As the song says, the hunter is captured by the game. Soon Scottie and Madeleine are mad for each other -- but it seems poor troubled Madeleine is also mad in a less romantic way. When she confides in Scottie about her recurring morbid dreams about the Mission at San Juan Bautista, Scottie brings her there in hopes of curing her obsession. Bad move, Scottie -- Madeleine bolts to the bell tower. Scottie gives chase, but his vertigo paralyzes him halfway up the stairs (great spatial F/X here). He hears a woman screaming, sees a body fall past the window...and his beloved Madeleine is no more.

Or is she? After he recovers from a grief-induced nervous breakdown, Scottie spies shopgirl Judy Barton (the versatile Novak again).
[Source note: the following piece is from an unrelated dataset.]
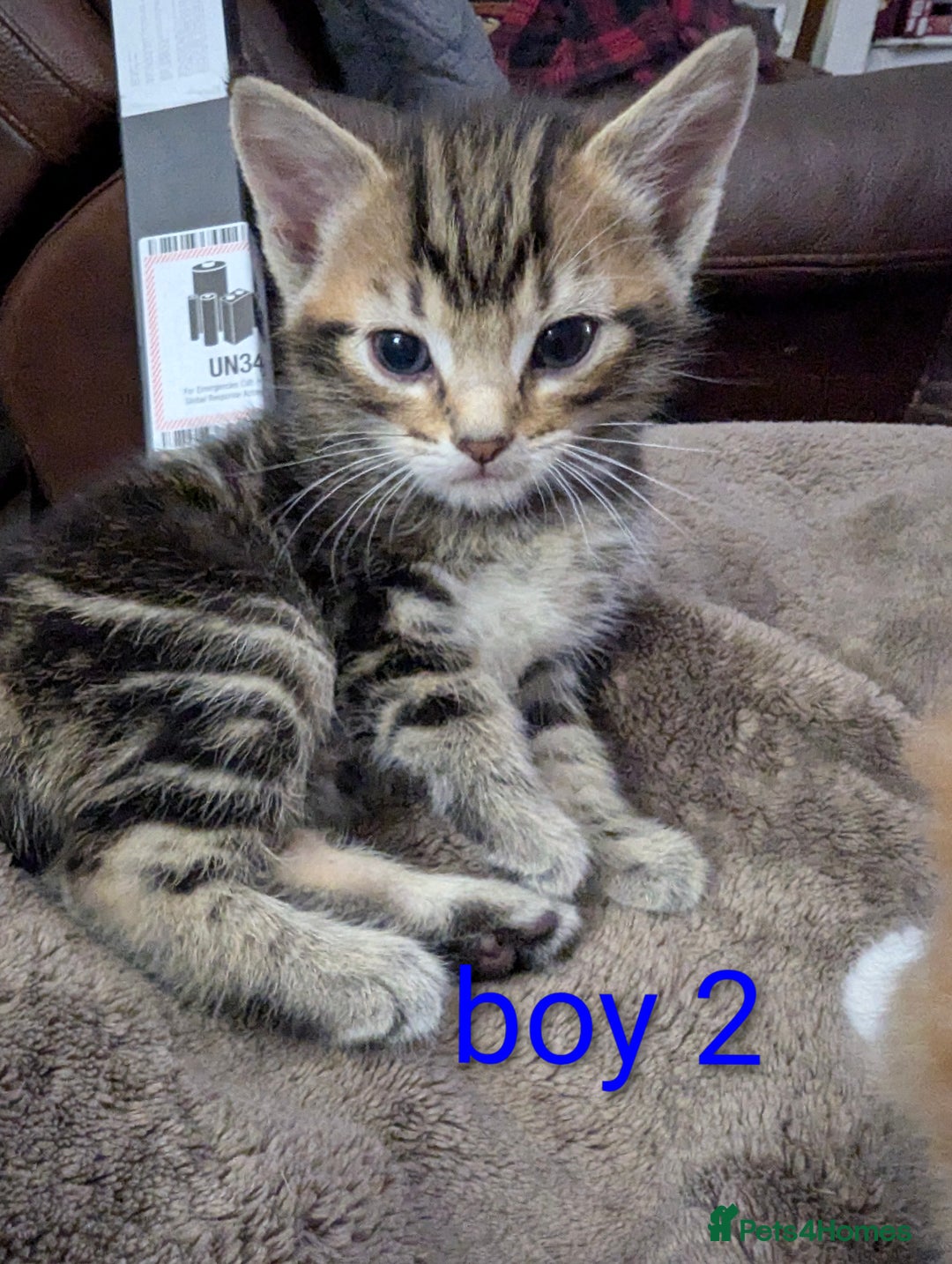 Mixed Breed cats for sale: Gorgeous kittens for sale £250 males £300 females - Advert 16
Except for her red hair and somewhat tacky fashion sense, Judy's a dead ringer for Madeleine! As their relationship grows, so does audience apprehension as Scottie obsessively tries to give Judy the ultimate makeover, recreating his lost love. (Where's the WHAT NOT TO WEAR crew when you need them? :-)) Judy's a quick study -- because she's really Madeleine! See, Judy was Elster's mistress, and he coached her to look and act like the real Madeleine Elster as part of a murder plot. 'Twas the real Mrs. Elster who died at the mission that day, and Elster's real purpose for poor Scottie was to witness the "suicide." Since Judy truly loves Scottie, has all the self-esteem of a squashed grape, and doesn't want to spill the murder plot, she's willing to play Eliza Doolittle to Scottie's macabre Henry Higgins. But the jig is up when, post-makeover, Judy wears a necklace Scottie recognizes as part of Madeleine's Carlotta Valdes collection. Furious at being played for a sucker, he takes Judy to the mission tower and forces her to confess. A black shape looms. Guilt-ridden Judy is so spooked by what turns out to be a curious nun (Judy must've gone to one of those tough parochial schools) that she loses her balance and falls...and a shattered Scottie loses his Madeleine a second, final time, looking like he wants to join her.
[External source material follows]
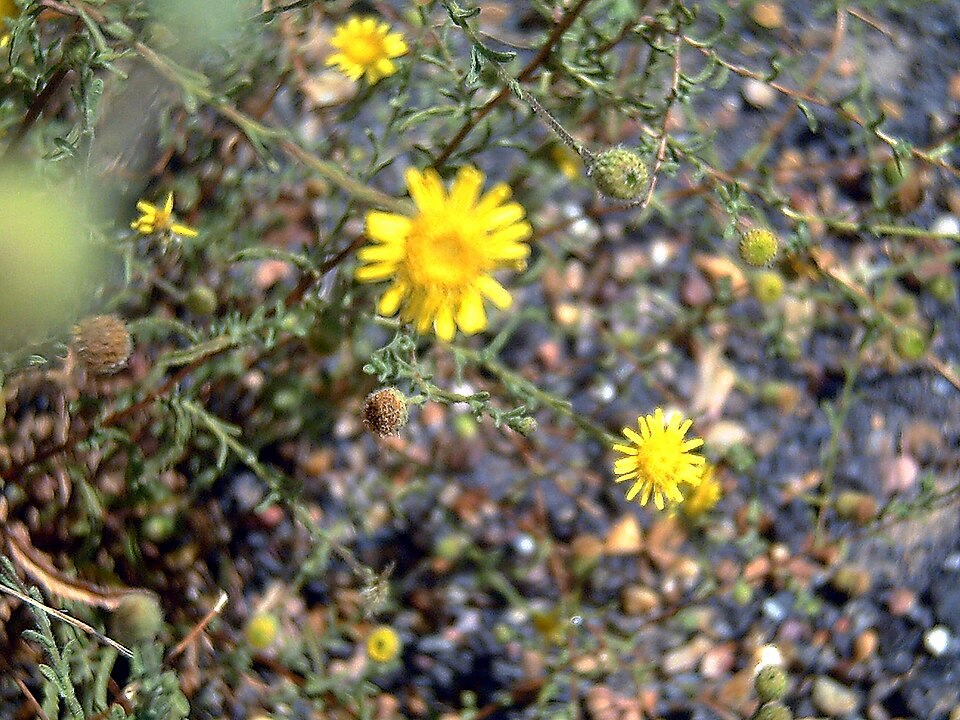 Dittrichia graveolens (Stinkwort) (alternate view 6)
When I first saw VERTIGO in my college years during its 1980s re-release, I thought it was well worth seeing, but Scottie's necrophilic mania to recreate Judy as Madeleine really upset me. I found myself rooting for, angry at, and sorry for Scottie and Judy all at once. Stewart's portrayal of a man obsessed is tragic and unnerving; Hitchcock really knew how to tap into his leading man's dark side. As if the ghoulishness of Scottie's romantic obsession and the malleable Judy's heartbreaking lack of self-esteem weren't frustrating enough, even the department store salespeople and salon personnel in the film go along with Scottie's demands ("The gentleman certainly seems to know what he wants.") despite Judy's anguished protests. My husband Vinnie aptly noted that everyone on screen acted like Scottie was having a dog groomed.
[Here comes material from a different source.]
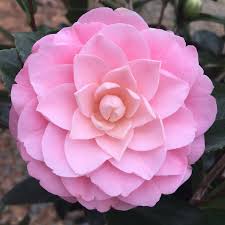 Image result for Camellia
On my first time around, it seemed to me that Hitchcock gave away the mystery's solution too soon, making the rest of the film anticlimactic. But my appreciation for VERTIGO grew over the years as I matured and learned more about life, people, and emotions. By the time we saw the beautifully restored version of VERTIGO at NYC's Ziegfeld Theatre in 1996, Judy's revelatory letter touched my heart and added to the suspense of waiting for the other shoe to drop for Scottie. There's no question that VERTIGO has long since become one of my favorite Hitchcock films!